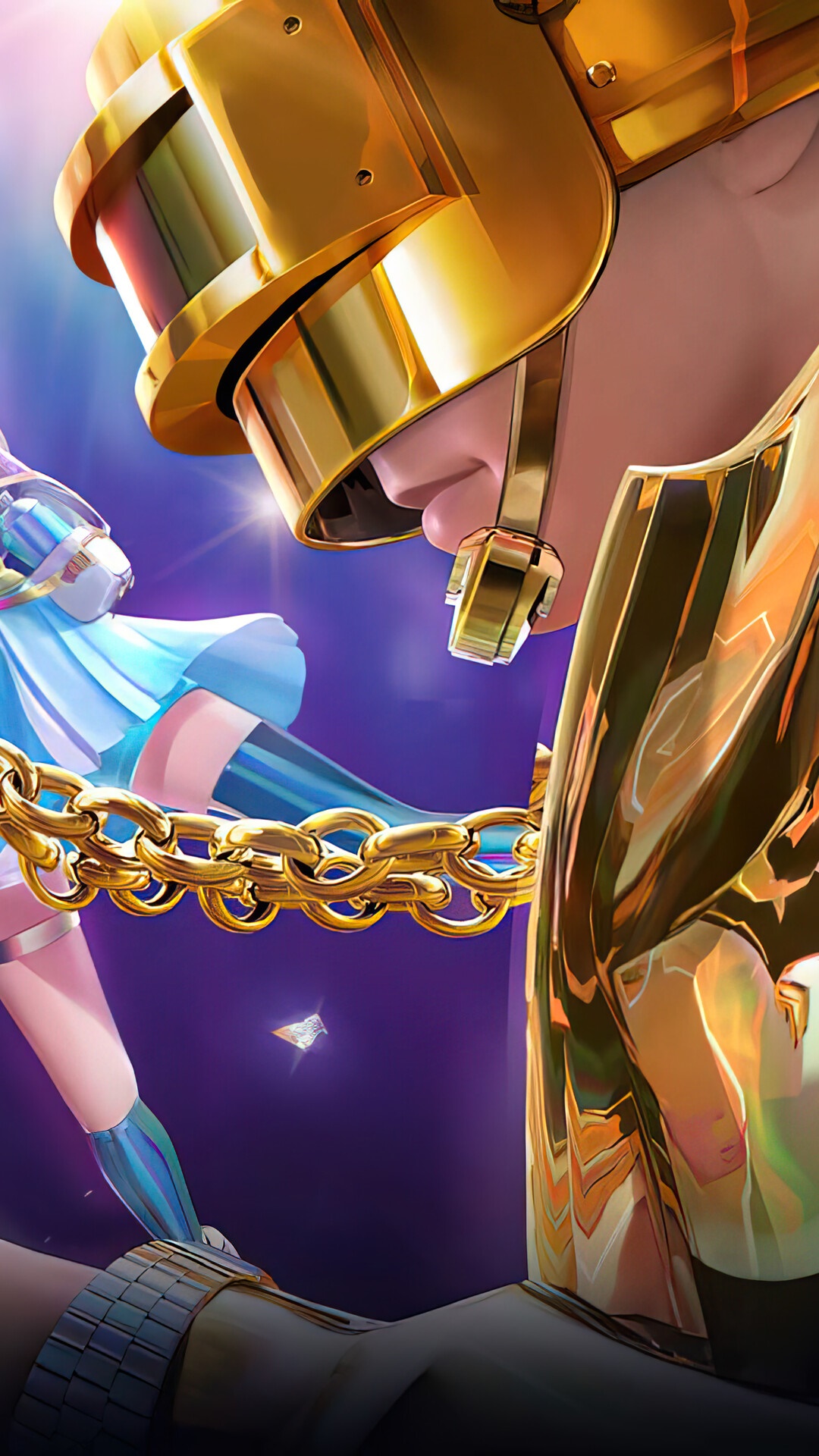 Golden armored character and blue-clad character in PUBG Mobile HD Phone Wallpaper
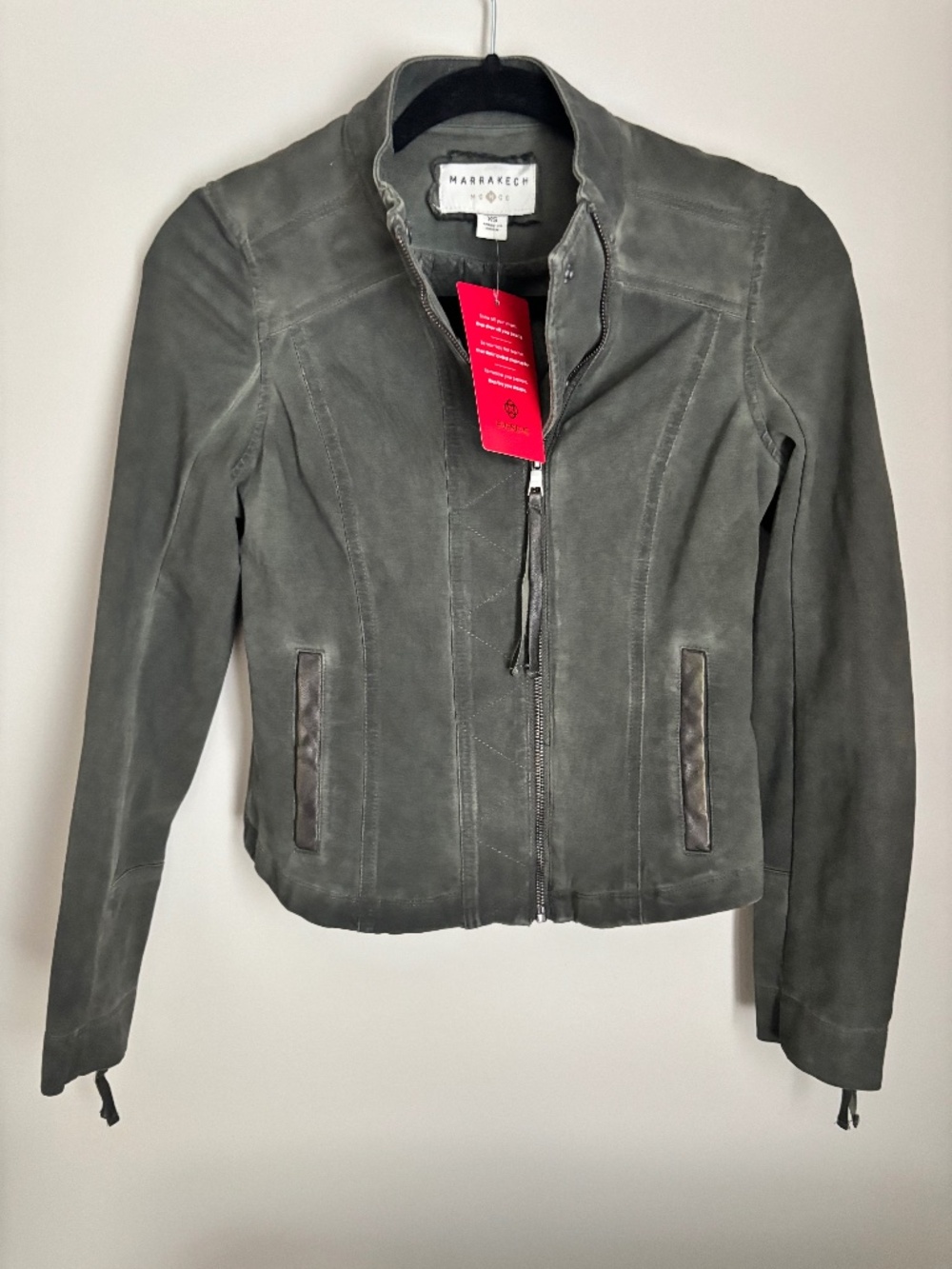 NWT Marrakech Harlow Jacket Olive Moto Utility Jacket XS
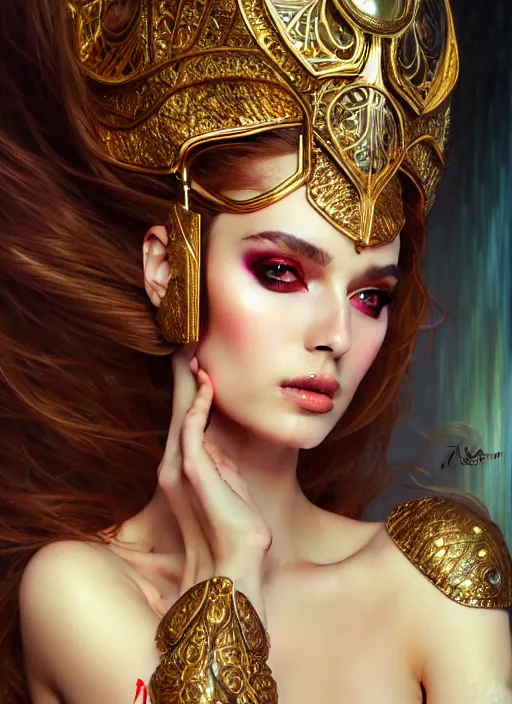 Prompt: glamorous saudi, seductive eyes and face, elegant, lascivious pose, very detailed face, studio lighting, photorealism, wearing futuristic armor , portrait by Magali Villeneuve and Steve Argyle,Livia Prima,Mucha,dress,fantasy art,beautiful,artstation,trending on artstation,intricate details,alluring,masterpiece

[The problem] Return the complete data unchanged and include none of the pictures.

[Result for this task]
 Golden armored character and blue-clad character in PUBG Mobile HD Phone Wallpaper
 NWT Marrakech Harlow Jacket Olive Moto Utility Jacket XS
 Prompt: glamorous saudi, seductive eyes and face, elegant, lascivious pose, very detailed face, studio lighting, photorealism, wearing futuristic armor , portrait by Magali Villeneuve and Steve Argyle,Livia Prima,Mucha,dress,fantasy art,beautiful,artstation,trending on artstation,intricate details,alluring,masterpiece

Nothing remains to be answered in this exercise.